- Work instructions: Pictures excluded, output the lines of the data below between the one holding "Página 29 del Manga" and the one holding "La Casa Del", inclusive, exactly as they stand.

- Material provided:
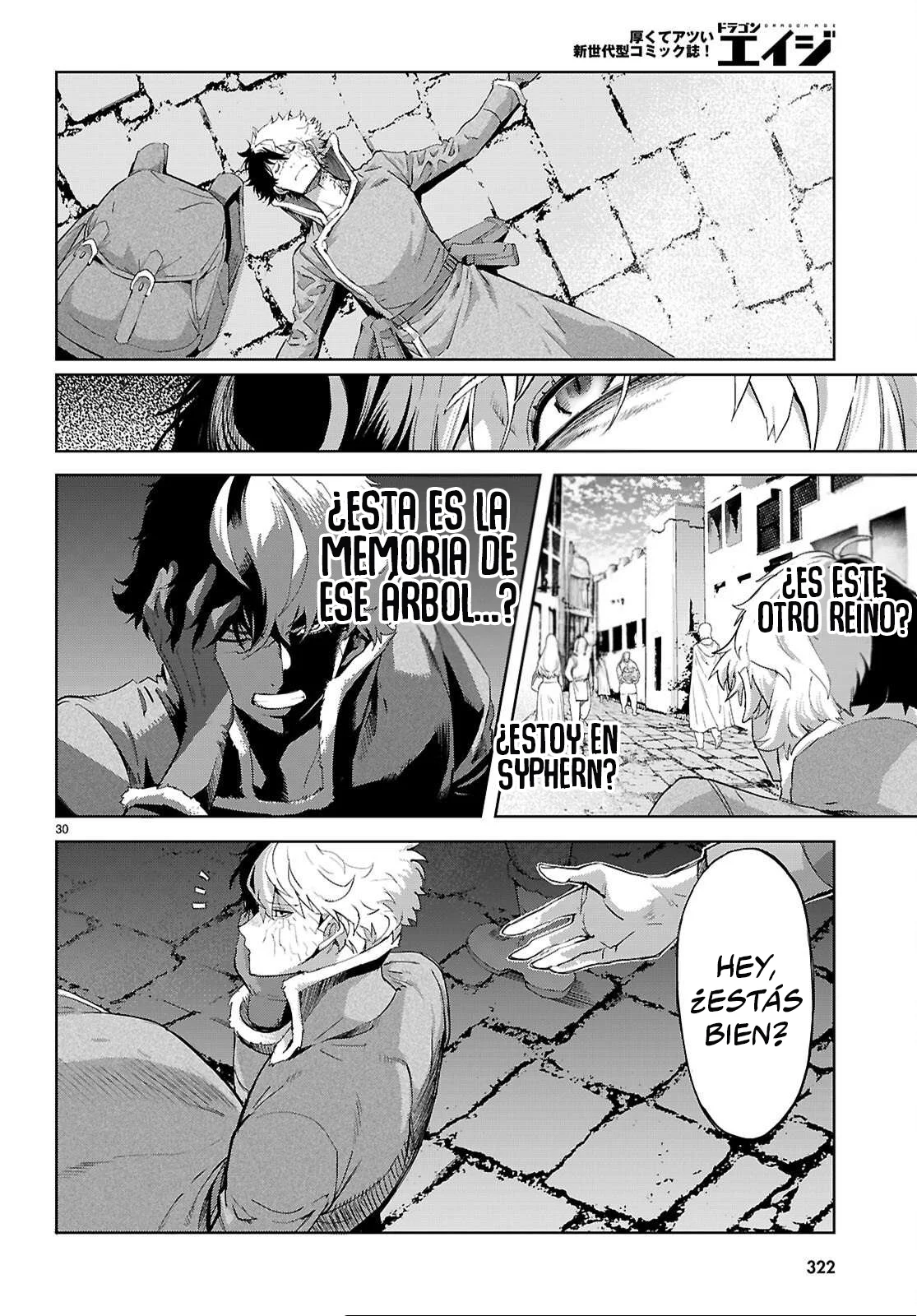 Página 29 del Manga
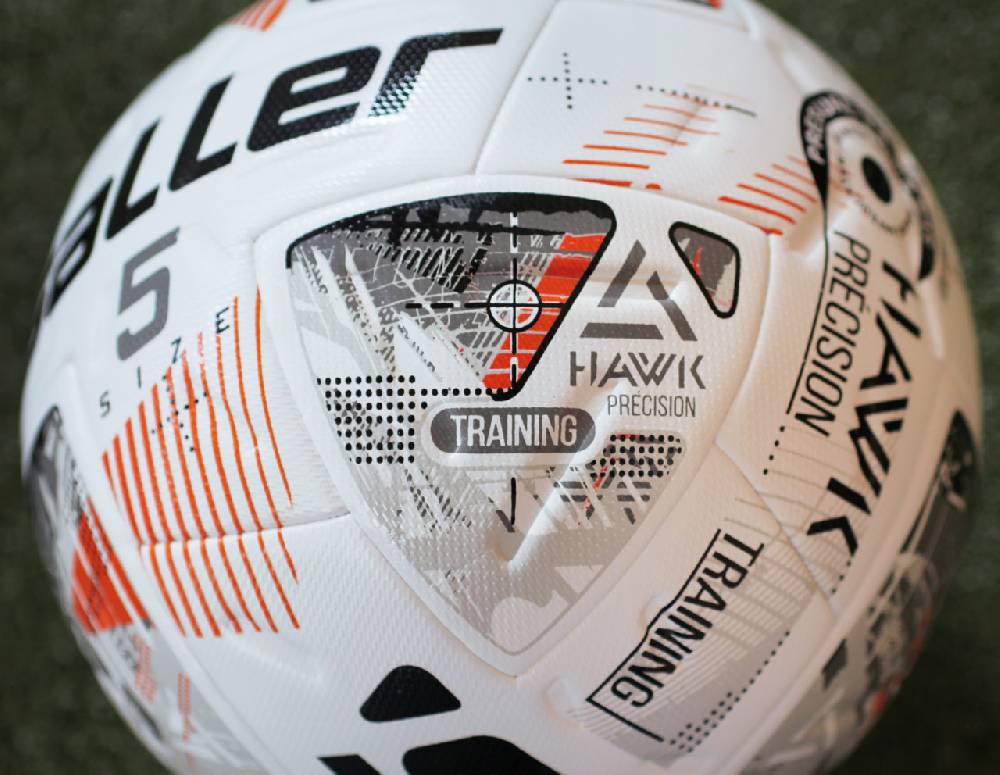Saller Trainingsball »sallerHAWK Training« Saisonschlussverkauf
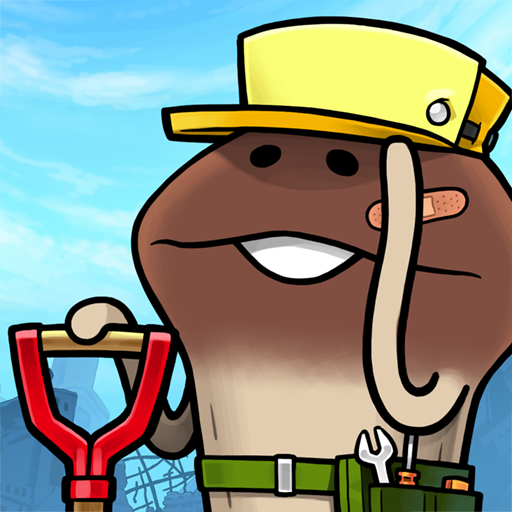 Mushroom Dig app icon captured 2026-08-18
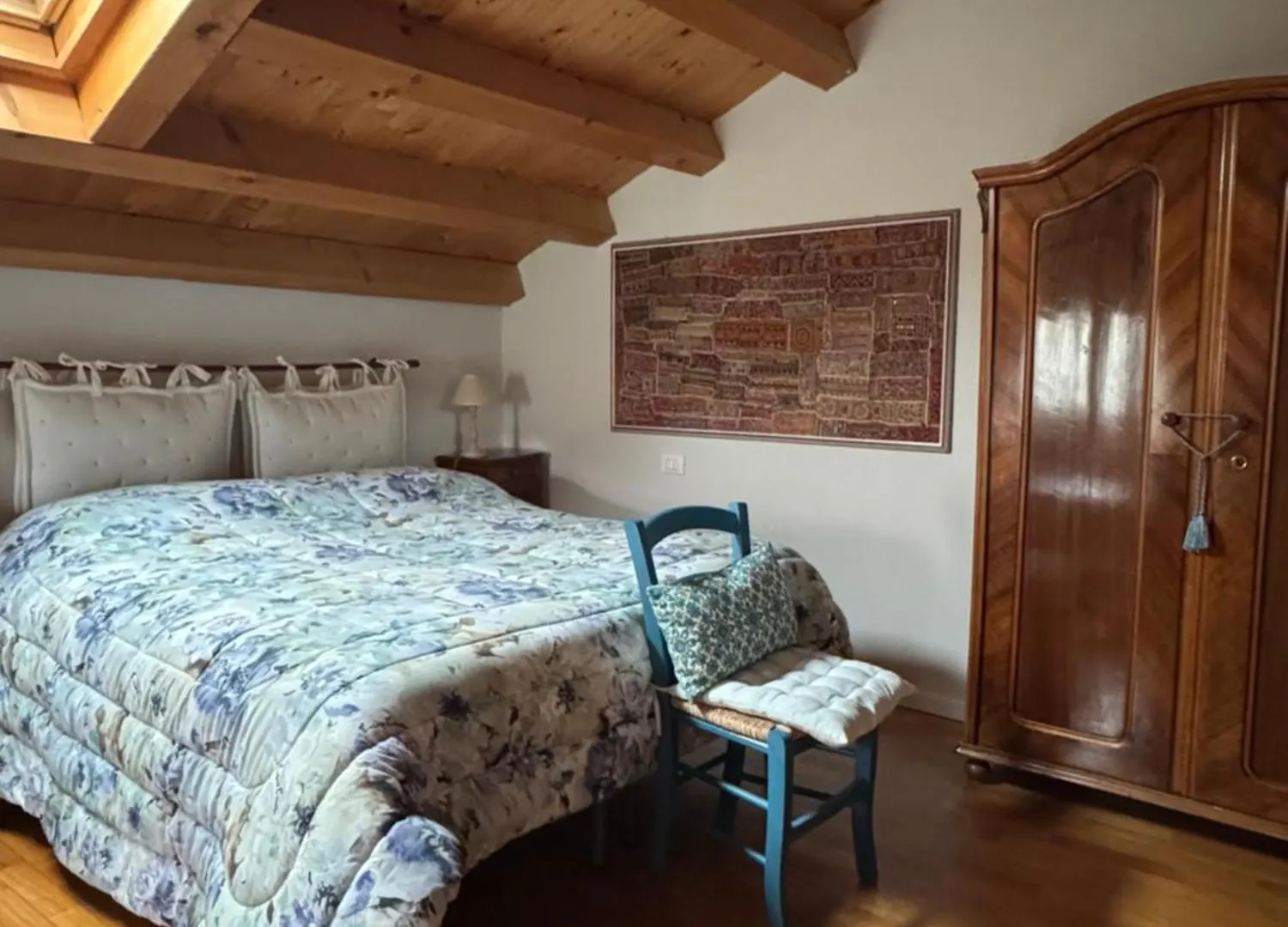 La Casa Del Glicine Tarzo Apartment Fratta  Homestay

---

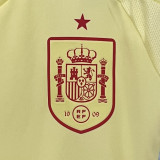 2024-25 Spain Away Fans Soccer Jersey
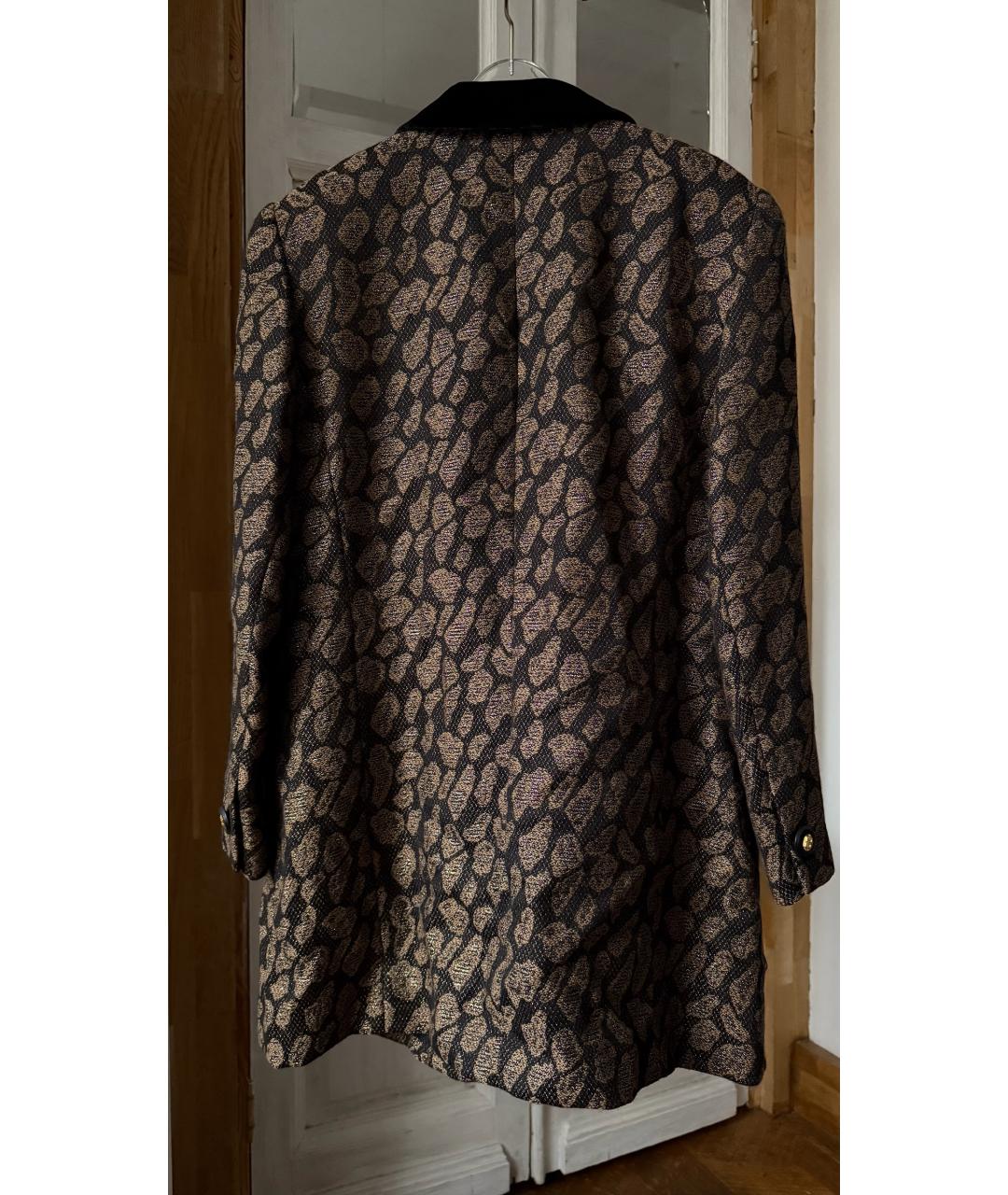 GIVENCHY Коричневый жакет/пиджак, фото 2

--

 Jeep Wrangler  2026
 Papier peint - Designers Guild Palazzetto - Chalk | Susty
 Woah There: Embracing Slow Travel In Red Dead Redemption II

- Answer for the task:
 Página 29 del Manga
Saller Trainingsball »sallerHAWK Training« Saisonschlussverkauf
 Mushroom Dig app icon captured 2026-08-18
 La Casa Del Glicine Tarzo Apartment Fratta  Homestay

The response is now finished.